_What is expected_
Restate the lines exactly, starting at the line that contains "Boho Crystal Pendant" and finishing with the final line of the records.

_Data supplied_
-*-

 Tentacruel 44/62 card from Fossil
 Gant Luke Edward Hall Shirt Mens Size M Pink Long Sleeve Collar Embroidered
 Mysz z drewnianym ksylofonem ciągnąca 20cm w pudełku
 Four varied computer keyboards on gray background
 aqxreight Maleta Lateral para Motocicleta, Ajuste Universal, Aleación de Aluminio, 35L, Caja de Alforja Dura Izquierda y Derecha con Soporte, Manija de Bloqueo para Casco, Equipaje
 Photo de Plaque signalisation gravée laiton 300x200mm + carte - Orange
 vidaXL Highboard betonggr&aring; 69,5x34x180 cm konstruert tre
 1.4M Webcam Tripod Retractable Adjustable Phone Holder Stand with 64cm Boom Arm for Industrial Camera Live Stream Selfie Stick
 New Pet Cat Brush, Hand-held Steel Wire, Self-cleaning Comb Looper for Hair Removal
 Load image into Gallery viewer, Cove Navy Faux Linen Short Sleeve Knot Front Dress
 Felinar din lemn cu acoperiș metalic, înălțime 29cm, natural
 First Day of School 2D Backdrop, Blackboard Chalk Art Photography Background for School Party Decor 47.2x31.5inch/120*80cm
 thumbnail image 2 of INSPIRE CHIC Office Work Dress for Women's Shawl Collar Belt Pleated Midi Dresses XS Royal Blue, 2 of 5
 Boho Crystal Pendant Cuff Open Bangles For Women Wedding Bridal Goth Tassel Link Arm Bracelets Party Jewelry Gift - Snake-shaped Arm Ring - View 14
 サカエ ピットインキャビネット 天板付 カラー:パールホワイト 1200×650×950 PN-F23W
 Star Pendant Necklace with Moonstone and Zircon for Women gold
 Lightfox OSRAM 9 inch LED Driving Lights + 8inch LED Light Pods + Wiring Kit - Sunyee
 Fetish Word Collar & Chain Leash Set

-*-

_Response to the exercise_
 Boho Crystal Pendant Cuff Open Bangles For Women Wedding Bridal Goth Tassel Link Arm Bracelets Party Jewelry Gift - Snake-shaped Arm Ring - View 14
 サカエ ピットインキャビネット 天板付 カラー:パールホワイト 1200×650×950 PN-F23W
 Star Pendant Necklace with Moonstone and Zircon for Women gold
 Lightfox OSRAM 9 inch LED Driving Lights + 8inch LED Light Pods + Wiring Kit - Sunyee
 Fetish Word Collar & Chain Leash Set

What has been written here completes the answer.